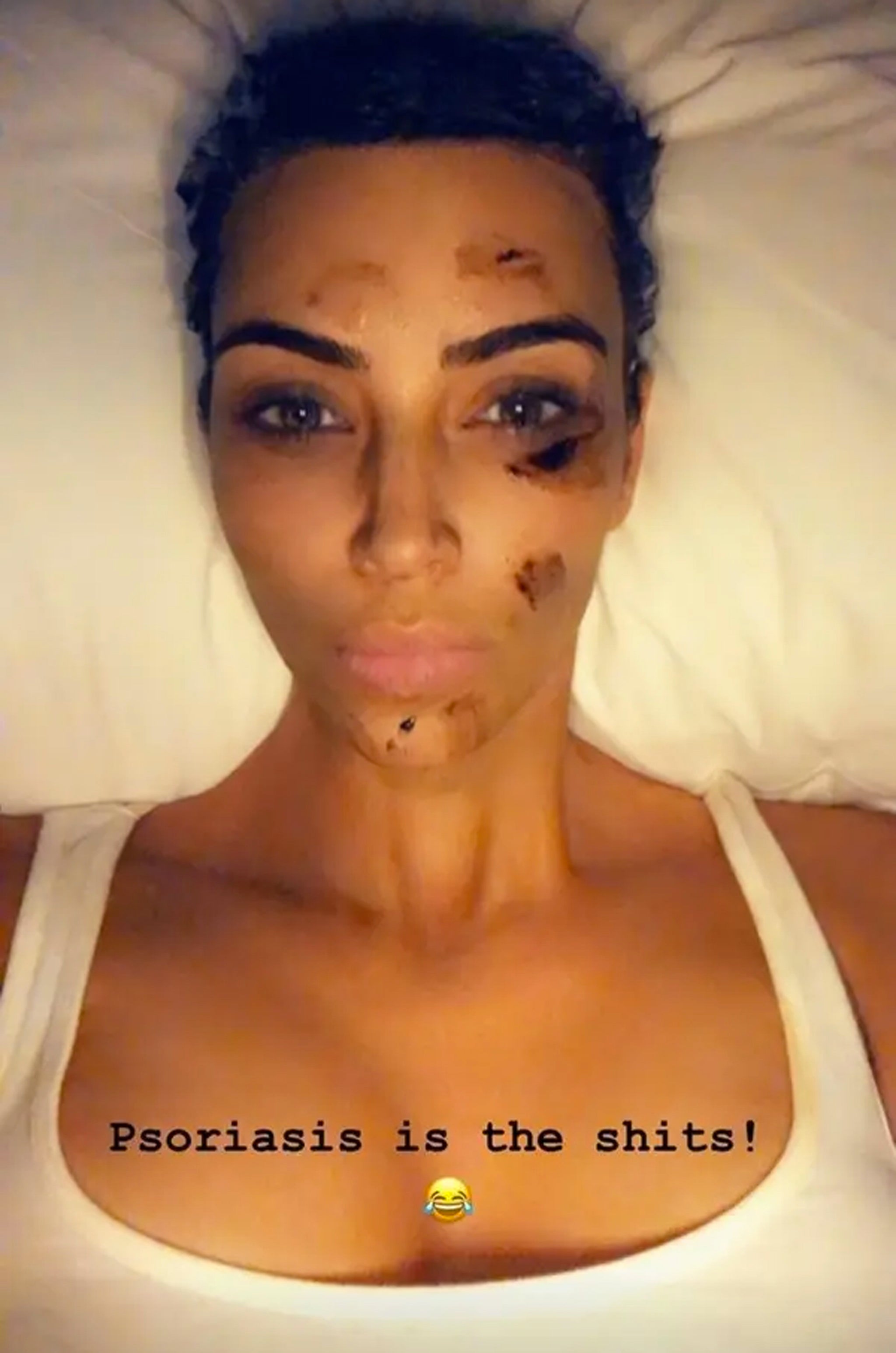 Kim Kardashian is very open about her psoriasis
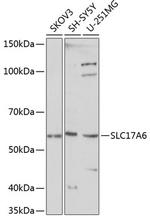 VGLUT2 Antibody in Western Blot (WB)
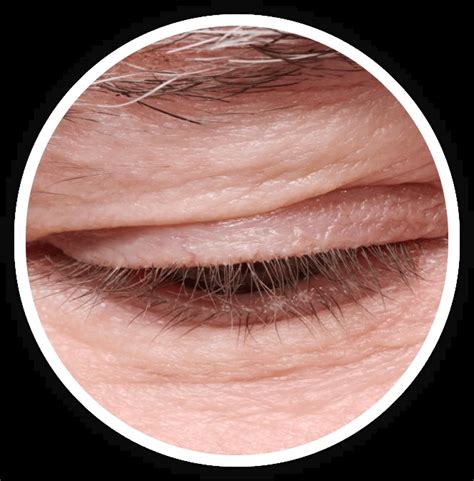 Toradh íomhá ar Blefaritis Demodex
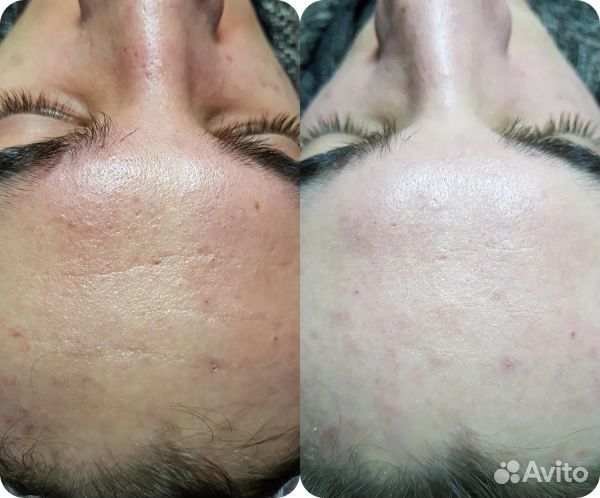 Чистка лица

########################################

Your goal |
Every line above should be copied exactly, apart from any pictures.

Written solution |
 Kim Kardashian is very open about her psoriasis
 VGLUT2 Antibody in Western Blot (WB)
 Toradh íomhá ar Blefaritis Demodex
 Чистка лица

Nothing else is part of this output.